Populism is actually pretty simple to understand - it is the game theoretic optimal solution to a democracy for any underclass in a country where they lack (or think they lack) unifying principles or values - if you think, due to a warped media environment, that you can't rally with your neighbour over the constitution or that Jesus is lord, you can still rally around a popular figure. It's basically a coin flip between finally being heard and the stamping boot, so if you already have the stamping boot in your face it's a no brainer.
And the gamble paid off! But what the populists didn't expect was that our Elite Human Capital are so self centred they'll actually defend Epstein Island out of solidarity or something. They even mock the idea of government transparency! Like they either think government transparency is a bad thing, or are just too dim to understand that they are participating in a meme that can directly harm the concept, as that kind of negative association is part of how perverse incentives kick off in the first place.
If only there was some simple fix, like listening to the working class occasionally. Then again avoiding them as much as possible, still sneering at them at every opportunity, but pretending you do care about them has worked out great so far!
I'm not sure what to think or say about the rest of your comment, but this part stood out to me:
Anyone can afford to go to college. Anyone. It's just not that expensive. Yes, it's a lot more expensive than it used to be, and yes, the ROI is not as obvious or inevitable (though it was never inevitable) as it once was. But "working class" people buy more expensive things all the time--houses, boats, cars--and those things continue to cost money (beyond loan interest--there's also upkeep). A wisely-curated program of education will in almost any economy be a better long term investment than any of those things.
What is not really plausibly "affordable" about education is failing. Every semester, without fail, I have at least one student who never shows up for class. Then, at the end of the semester, they tell me how they are running out of money and can I please pass them or else they will have to take the class again and they can't afford it...
The people who "can't afford" college are the people who lack the intellect and/or conscientiousness to learn at a higher level. College costs way too much to go there when there is not a reasonable expectation of success.
I think this is almost always false. Our educated and wealthy people are only human, and in my experience almost all of them can have their substantive thinking overwhelmed, at least on occasion and maybe more than that, by the need for social signalling. That is a different problem than being morons. Indeed, I think most normies are pretty smart, within a baseline context of human flourishing--they're just that much more susceptible to focusing on sending the right signals rather than identifying substantially veridical facts.
I felt your objections were, for most part, addressed by that paragraph. Maybe to change the wording a bit to make the meaning I got from it clearer: A lot of people shouldn't go to college even if they could afford it.
When everyone has a college degree no one does. I think we've already passed the threshold for too many degree holders being paid too much money to do menial wrist and finger labour. Too many people who are actually smart need to spend too much time to distinguish themselves from the average brained but highly industrious. And to that end, too few smart people engage in lower class labour where their big brains could be used for a lot more good than in many other cases.
The education inflation is hitting every part of our lives.
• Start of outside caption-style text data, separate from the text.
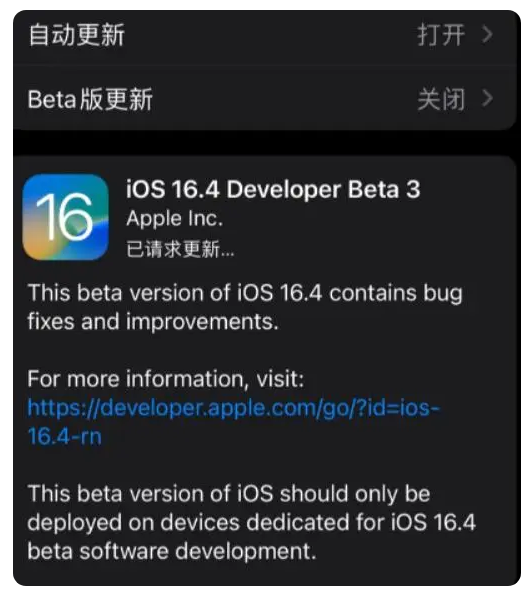 怀宁苹果手机维修分享：iOS16.4Beta3更新了什么内容？ 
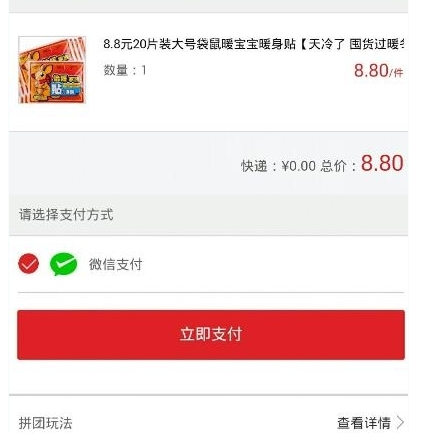 拼多多團(tuán)購是怎么發(fā)貨1.png
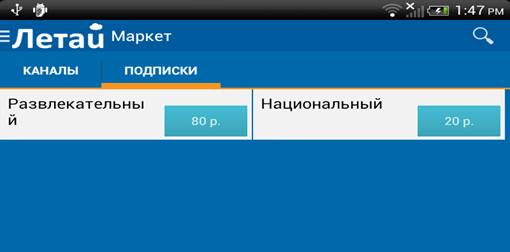 D:\����������\���������\Android\2014-07-22_13-47-29.png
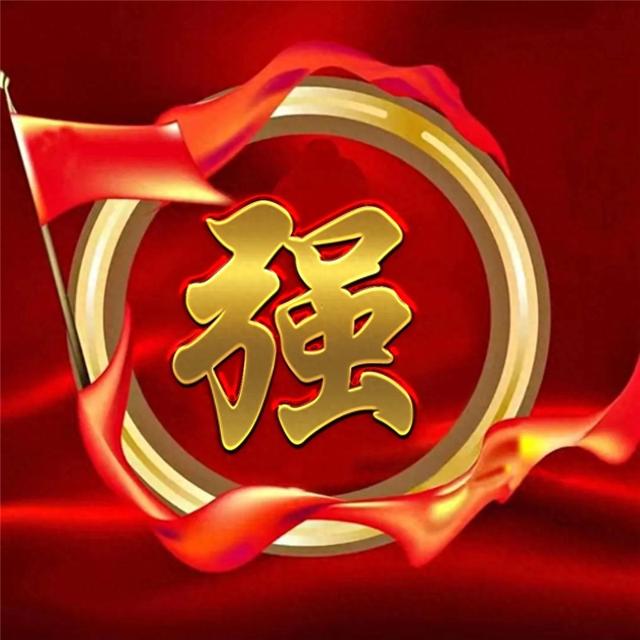 精美姓氏微信头像图片 国庆金属质感
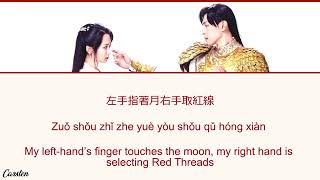 Upwards To The Moon  Sa Dingding Instrumental ChiPinyinEng Lyrics Karaoke [upl. by Budding246]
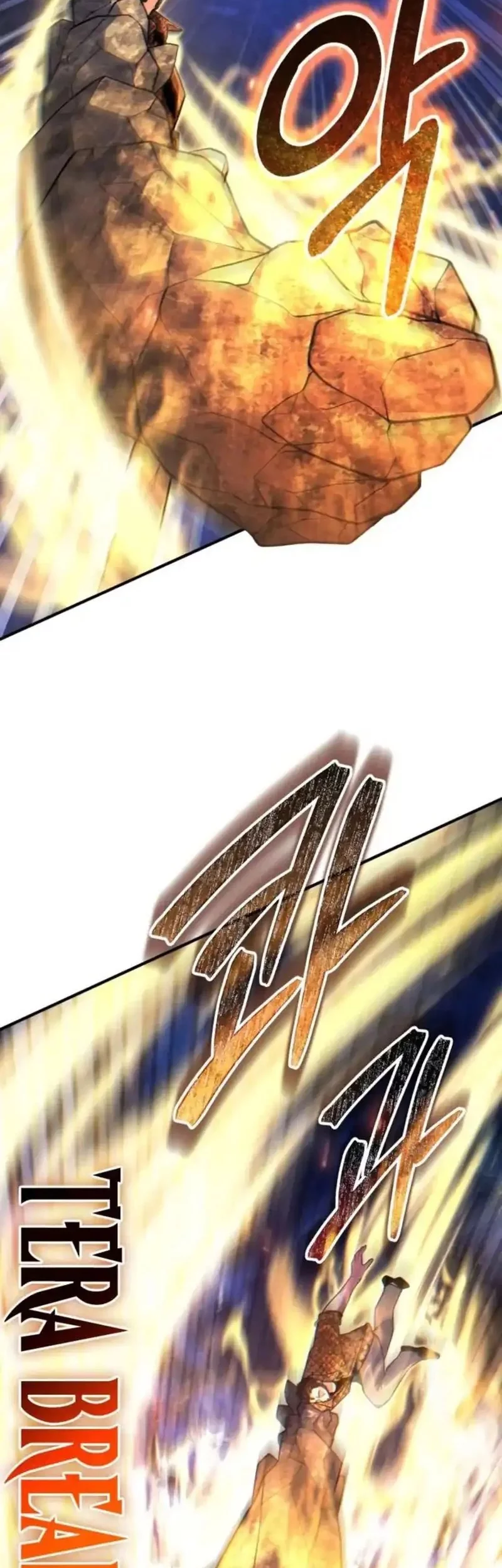 Expelled Hero Is Too Strong Chapter 70 Gambar 67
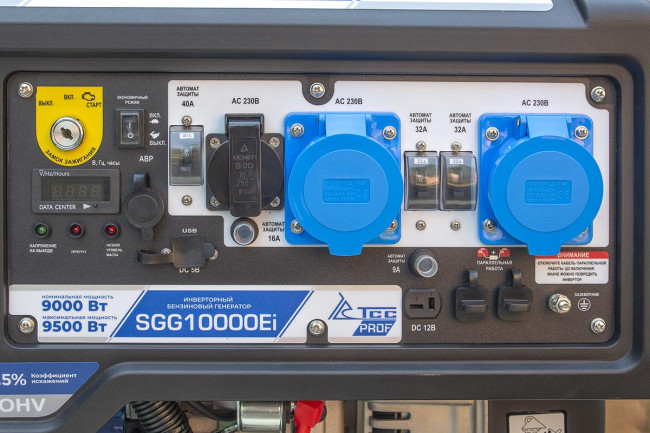 Бензогенератор инверторный SGG 10000Ei с блоком АВР в Казани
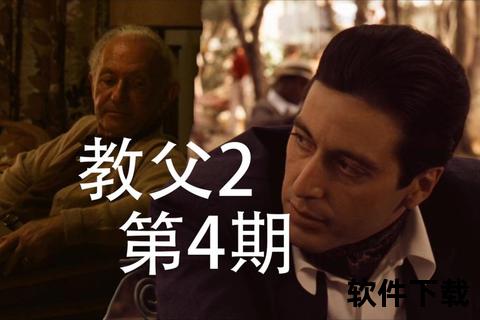 教父2中文版下载_免安装硬盘版整合汉化补丁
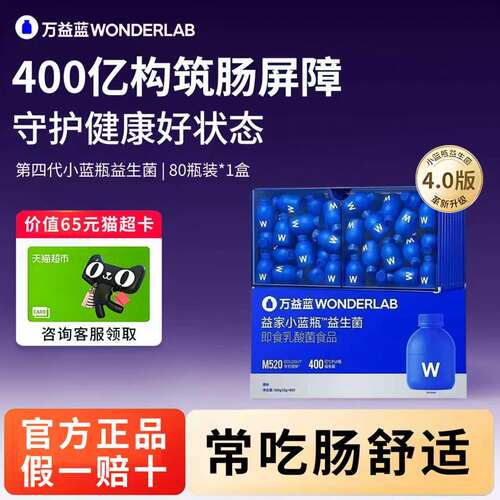 万益蓝WonderLab小蓝瓶4.0益生菌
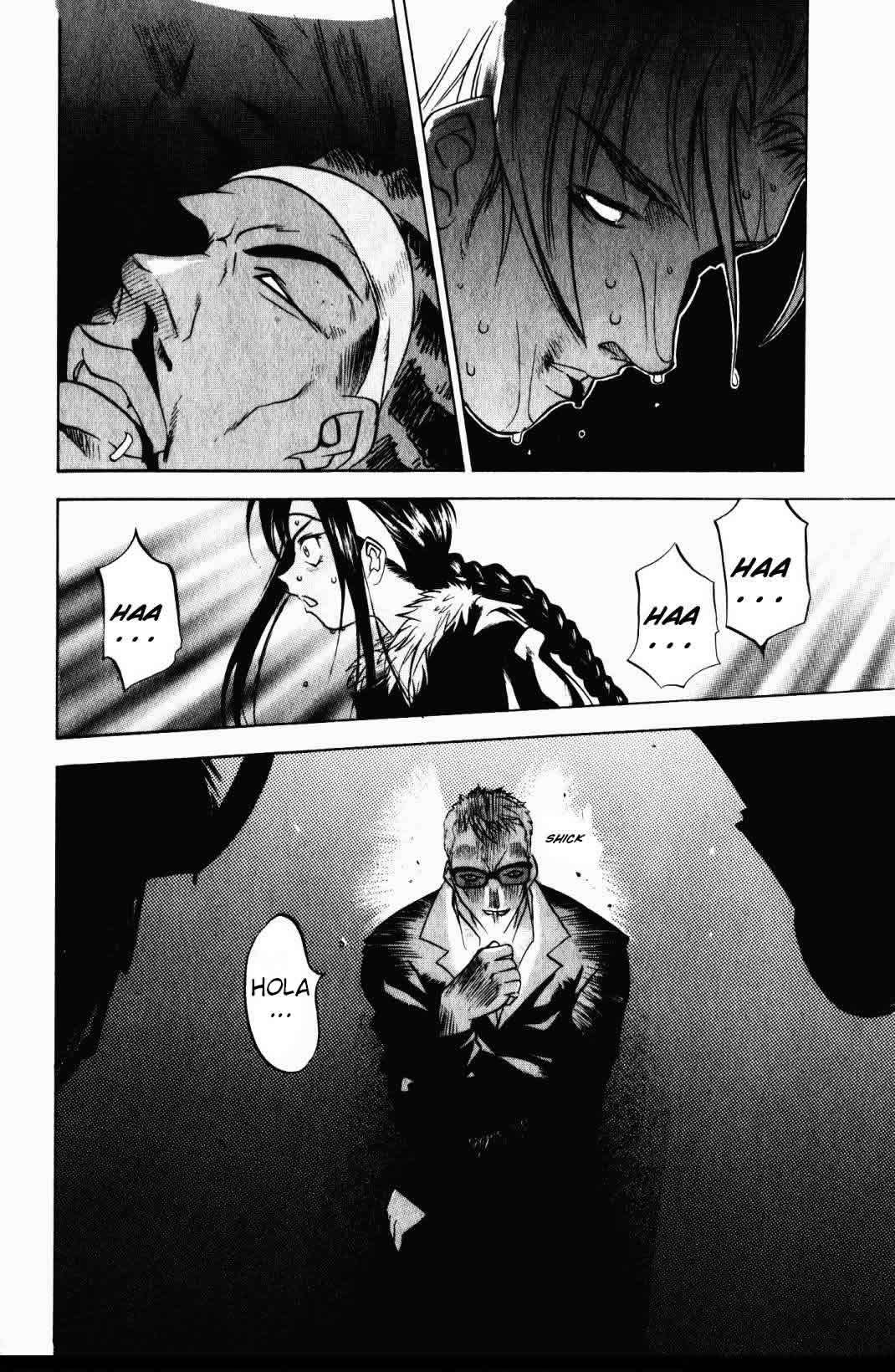 Read Tenjou Tenge ES Manga Online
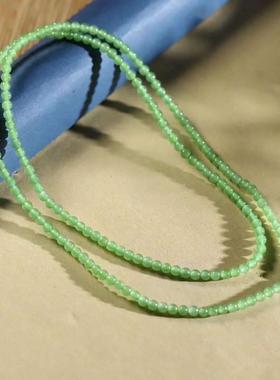 多圈珠链碧玉果绿色多用款
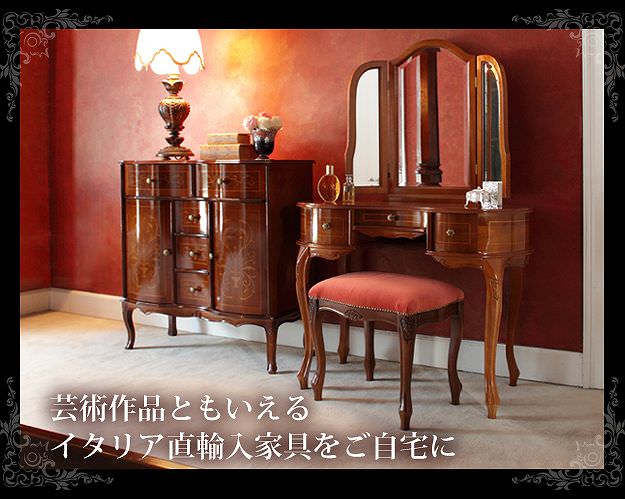 伝統の技が息づくイタリア様式の家具をご自宅に 猫脚象嵌ドレッサースツールの詳細 | カヴァース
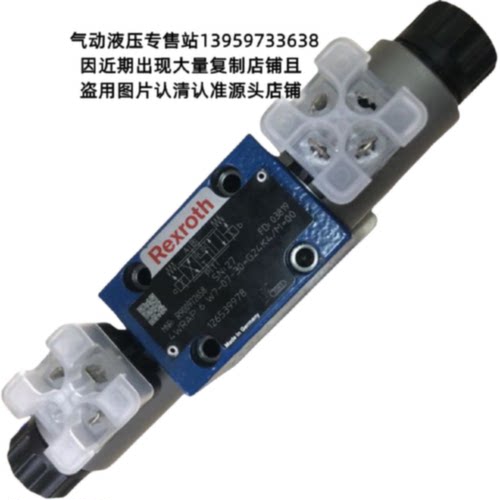 议价Rexroth力士乐电磁阀 R900972658 4WRAP6W7-07-30G24K4/M00 3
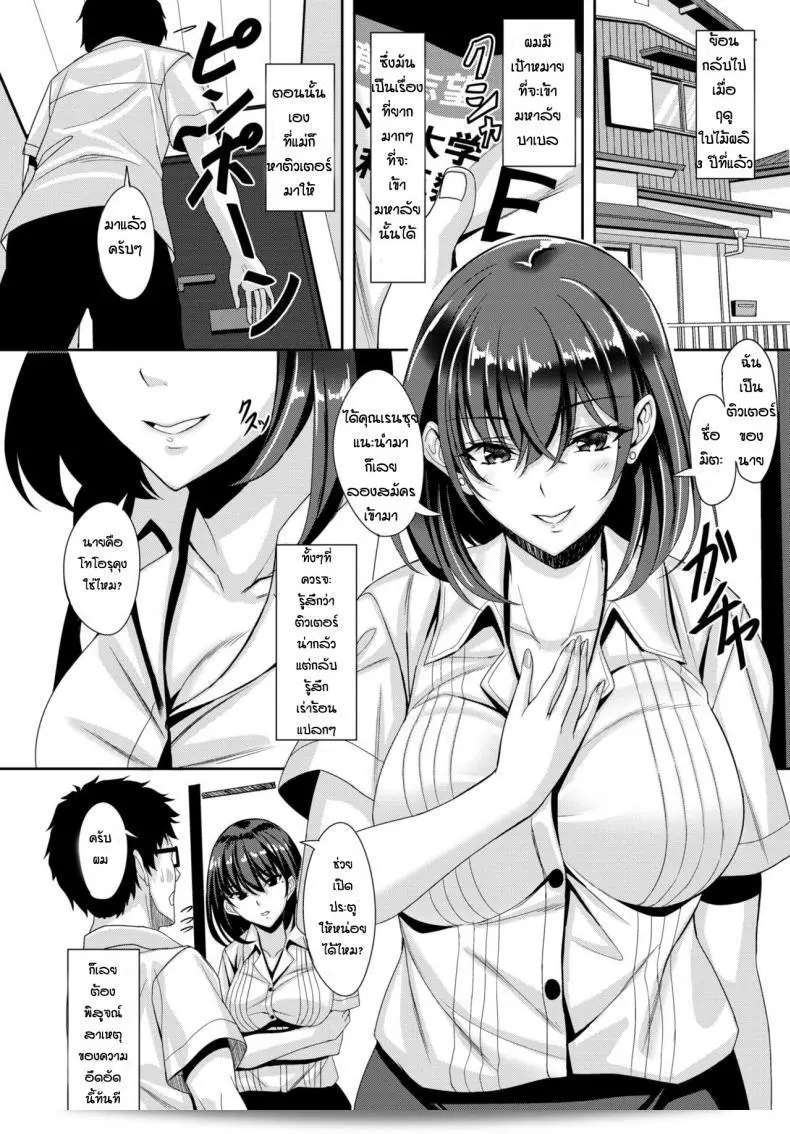 การทำติวเตอร์พิเศษ [Saijo Satoru] เพื่ออบรมทางเพศ 3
How western societies are setting themselves up isn't sustainable. And even if it were, it's so wasteful it shouldn't be done anyway.
I think this entire paragraph is just a key example of how smart people can excuse anything they do with big words and fancy concepts. If your elite class torpedoes your society because it can't resist the temptation to conform and virtue signal to ides they personally find novel then they are ultimately no better than a high time preference, low IQ person that 'fails' the marshmallow test throughout their life.
At some point the elite of the world is no longer owed any leeway or respect on the grounds that they just aren't doing enough work that justifies it.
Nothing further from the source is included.